Sie verließ das Pult und kam langsamen und federleichten Schrittes auf ihn zu. Bei ihm angekommen berührte sie seine Stirn. Bei dieser Berührung fühlte Harry tatsächlich ihre Hand und ihre Wirkung.

„So ist es schon besser, oder?" fragte sie ihn lächelnd.

Harry war sehr erstaunt. Nicht nur, dass er sie fühlen konnte, er konnte plötzlich auch wieder richtig sehen und schmecken, hören. Das war wie ein Wunder.

„Wie hast du..?" wollte er Fragen, sie antwortete aber schon bevor er diese Frage ausgesprochen hatte.

„Das war meine eigene Magie. Leider kann sie nicht lange gegen die Macht der Wünsche durchhalten. Im Gegensatz zu der Macht der Wünsche und der Worte bin ich schwach." Sie drehte sich von ihm weg.

„Es ist bald soweit, oder?" fragte Harry bedrückt.

„Ja. Du hast nicht mehr lange. Vielleicht wirst du aus dieser Nacht noch erwachen, aber bei der darauf ist es sehr unwahrscheinlich..." Ihre Antwort kam so bedrückt, wie er die Frage gestellt hatte. Sie hatte ihm nicht in die Augen gesehen. Auch jetzt konnte sie es nicht, da sie wusste...

„Wieso habe ich dich jetzt gefunden? Ich bin einfach zu spät zum Nachsitzen gekommen und dann warst du hier. Wo warst du die ganze Zeit über?" fragte er sie, damit keine peinliche Stille eintrat.

Sie drehte sich langsam zu ihm um, sah ihm aber nicht in die Augen.

„Warum fragst du das? Du weißt es doch, oder? Ich muss mich noch verstecken."

Sie sah auf den Boden. Harry kam näher. Seine Hände legten sich um ihr Gesicht. Er trug ihr Gesicht nun auf den Händen, er hob sie an und sah etwas, das er von ihr nie vermutet hatte: Sie weinte. Tränen rannen ihr Gesicht entlang und Trauer stand in ihren Augen.

„Wieso weinst du?"

„Weil ich das nicht will."

„Was willst du nicht?"

„Dass du durch meine Schuld schläfst."

„Wieso 'durch deine Schuld'?"

„Weil dein Wunsch für mich war."

„Nein, er war für mich."

„Was?"

„Weil ich mit dir schon damals zusammen sein wollte."

„Warum?"

„Weil ich dich lieb."

Jetzt war es raus. Er hatte es gesagt. Er hatte es ihr wirklich gesagt. Nun fuhr er aber fort: „Damals wusste ich es noch nicht so genau."

„Wieso dann?"

„Weil du da auch schon etwas besonderes für mich warst. Ich hatte einen Einblick bekommen, den sonst niemand gesehen hatte und da dachte ich, du hättest das verdient."

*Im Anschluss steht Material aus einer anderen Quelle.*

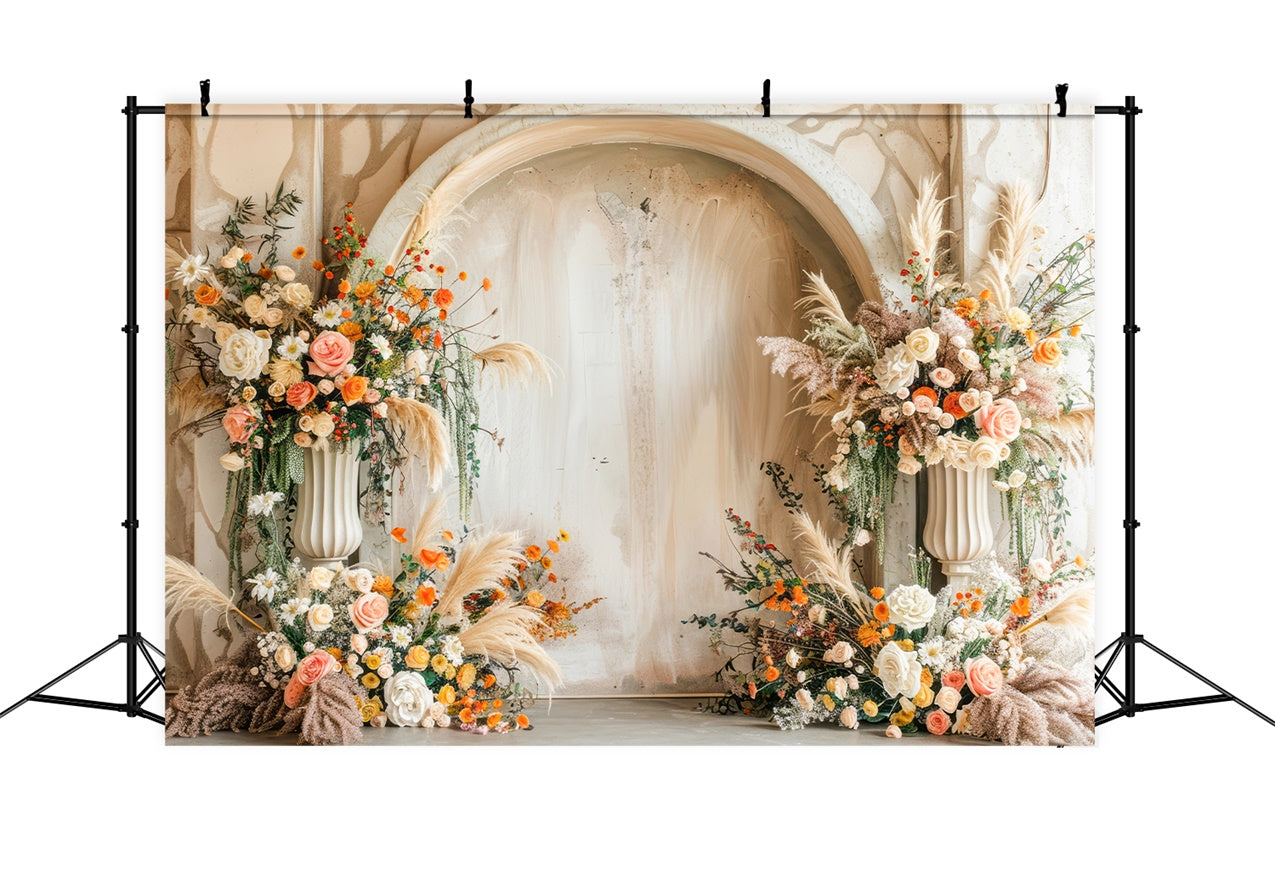 Frühlingshintergrund Fotografie Beige Torbogen Eleganter Blumenhintergrund BRP12-485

Bei diesen Worten warf sie sich in seine Arme und weinte hämmungslos. Sie schluchzte und weinte.

„Hättest du dir das nur nicht gewünscht."

„Warum?"

„Weil ich das nicht will. Du bist ein zu guter Mensch!"

„Nein, nicht wirklich. Aber... Empfindest du etwa etwas für mich? Mehr als Freundschaft? Darf ich hoffen?"

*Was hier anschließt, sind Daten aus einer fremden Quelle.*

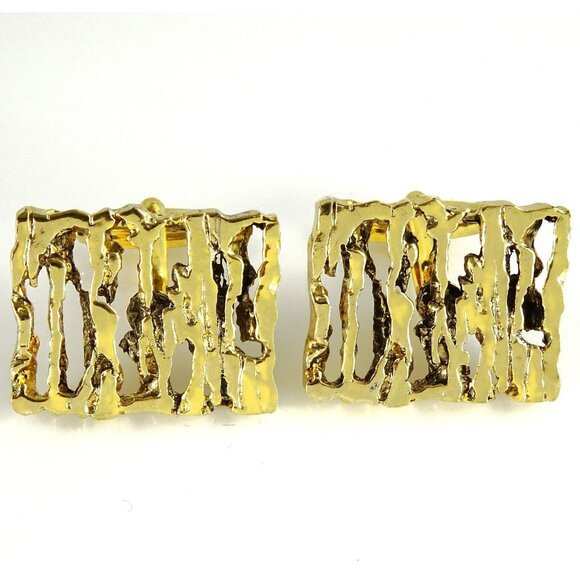 Boho Hippie Nugget Style Large Mens Cufflinks Angled Stems Rectangular - Picture 1 of 3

Sie drückte sich von ihm weg und sah ihm in die Augen.

„Natürlich! Auch wenn der erste Kuss von dir aus kam, ich würde nie jemanden küssen wenn es mir nicht ernst wäre."

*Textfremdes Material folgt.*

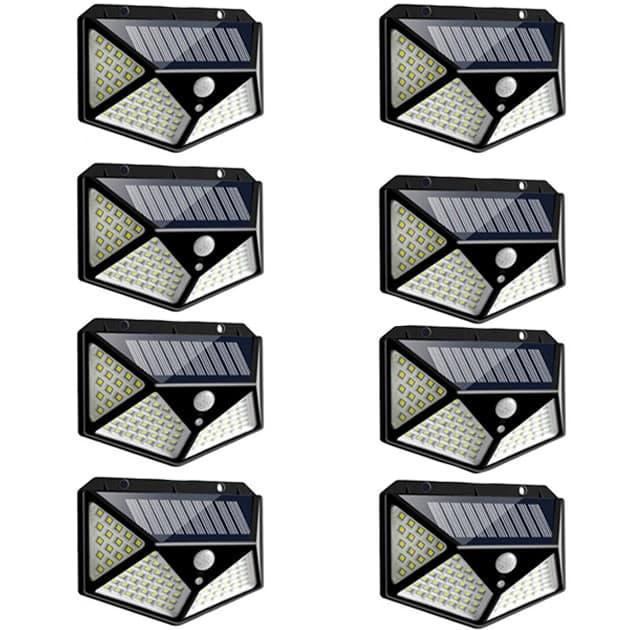 Комплект светодиодных/настенных светильников на солнечной батарее Solar Motion 100 LED с датчиком движения 8 шт. Черный - фото 14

In dem Moment war Harry so glücklich, wie schon lange nicht mehr. Ehrlich gesagt, war er noch nie so glücklich gewesen.

Sie sahen sich an. Unwillkürlich senkte Harry seinen Kopf und beide schlossen die Augen. Es kam zu einem langen und innigen Kuss.

Dann nahm sie seine Hand und sagte ihm: „Folge mir."

Das wollte Harry gerne tun, doch davor wollte er noch etwas wissen: „Warte!"

Sie blieb stehen und sah ihn an.

„Wie ist dein Name? Ich kenne ihn immer noch nicht..."

Ein Lächeln breitete sich auf ihren Lippen aus. Sie antwortete: „Inaer. Inaer Dumbledore."